In our book, 21st Century Investing: Redirecting Financial Strategies to Drive Systems Change, we provide a roadmap to help advisors serve that demand by integrating system-level risk and reward management into investment decision making. Investment today has evolved from modern portfolio theory’s conventional approach starting in the 1950s. Investors have since recognized the importance of sustainable investment and have begun considering environmental, social and governance (ESG) factors. Yet the complexity of the times forces us to recognize and transition to a third stage of investment practice: system-level investing.

This next wave will be powered by millennials, who are in line to inherit more than $68 trillion in wealth from boomer parents during the coming decade. In its U.S. Full-Service Investor Satisfaction Study, JD Power found that “among investors under age 40 who strongly agree that their advisory firm is committed to ESG efforts, 52% say they plan to increase their investment with that firm. (The number falls to just 24% among investors over age 40.)

While client demand for sustainable and impact investing is growing, many advisors seem to be missing the boat. Despite the positive appeal ESG has among younger investors, 68% say they either have doubts about their firm’s commitment to it or don’t know about it. A recent Cerulli report found 58% of financial advisors indicated, surprisingly, a lack of investor demand was a significant factor preventing their adoption of ESG strategies. A lack of familiarity with ESG trends on the part of advisors may well be the source of this apparent disconnect.

This new book will help advisors catch up with this new trend. The following excerpt is an introduction to system-level investing, providing advisors with insights into how they can integrate this new way of thinking into their current practice and support clients who are looking for smart ways to invest in an increasingly populated, complex and interconnected world. By doing so, we believe advisors will leapfrog the competition and position themselves effectively for the transition to system-level investing.

21st Century Investing: Redirecting Financial Strategies to Drive Systems Change
It’s time for a new way to think about investing, one that can contend with the complex challenges we face in the 21st century.

Investment today has evolved historically from a basic, conventional approach (concern about the risks of security selection and portfolio risk management) to embrace as well sustainable investment (intentionally achieving social and environmental benefits along with financial returns). Building on this integration of sustainability factors, it can now transition to a third stage that recognizes both the power of investments to impact social, financial, and environmental systems and the complexity of the times we live in. We call this system-level investing.

System-level investors believe that it is time to support and enhance the health and stability of the social, financial, and environmental systems on which they depend for long-term returns. They preserve and strengthen these fundamental systems while still generating competitive or otherwise acceptable performance.

This book is for those investors who believe in that transition.

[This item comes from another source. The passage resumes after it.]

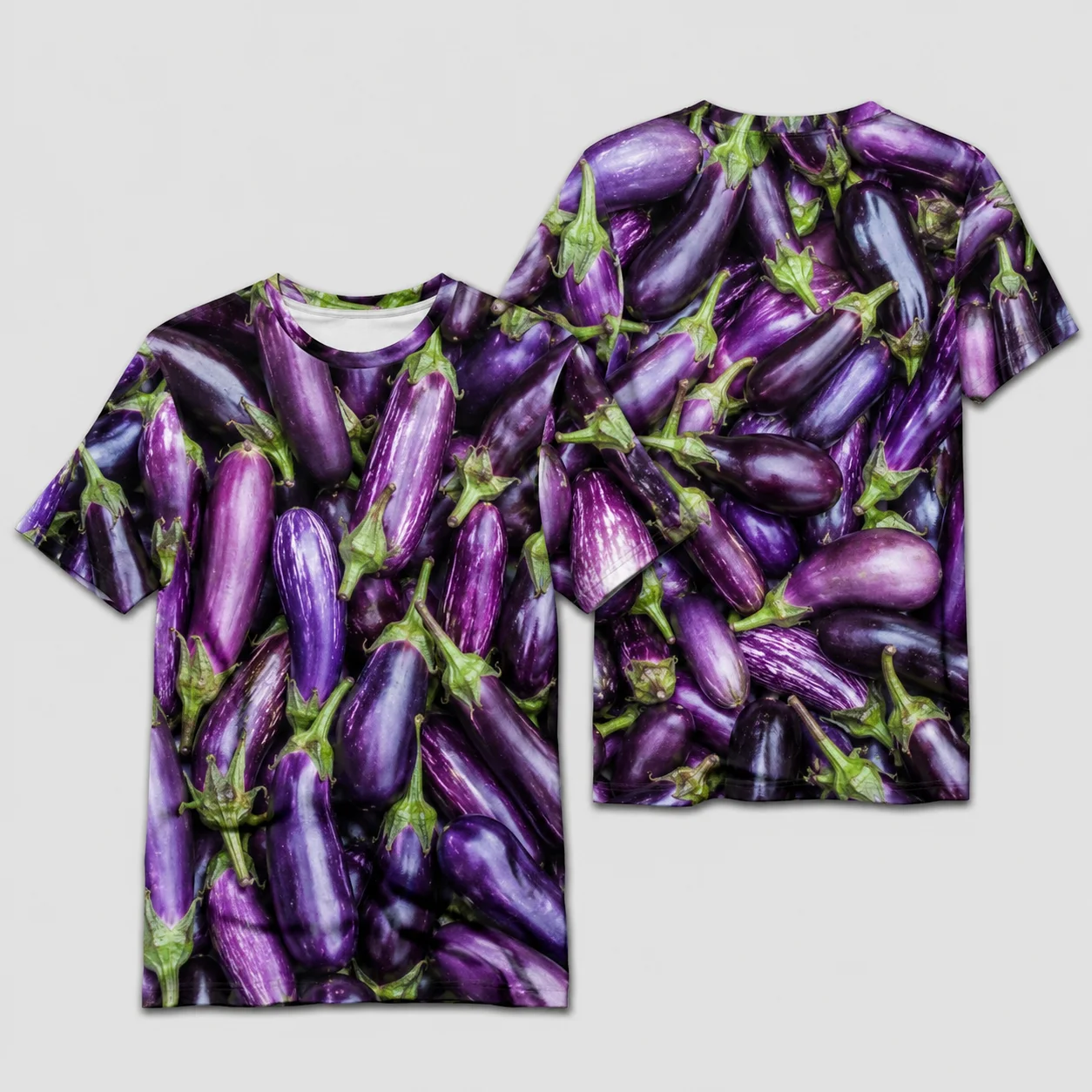 Mens Okra Water Spinach Eggplant 3D Print T Shirt Funny Vegetable Graphic Tee Casual Crew Neck Summer Streetwear Top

They may be institutions, large or small, concerned about the long-term stability of the environment and society. They may be individual investors who want their children and grandchildren to inherit a just and sustainable world. They may have already adopted sustainable investment strategies and be ready to transition to system-level investment. Or they may never have considered alternatives to a conventional approach.

Whoever they may be, they will find the what, why, and how of this transition in these pages: what it means to manage system-level risks and rewards, why it is imperative to do so now, and how to integrate this new way of thinking into their current practice. In particular, the book provides investors with a process for setting goals, deciding where to focus, allocating assets, applying investment tools, leveraging advanced techniques, and evaluating results. It helps investors build on their current practice and, by incorporating system-level perspectives, better align the investments of today with society’s long-term goals.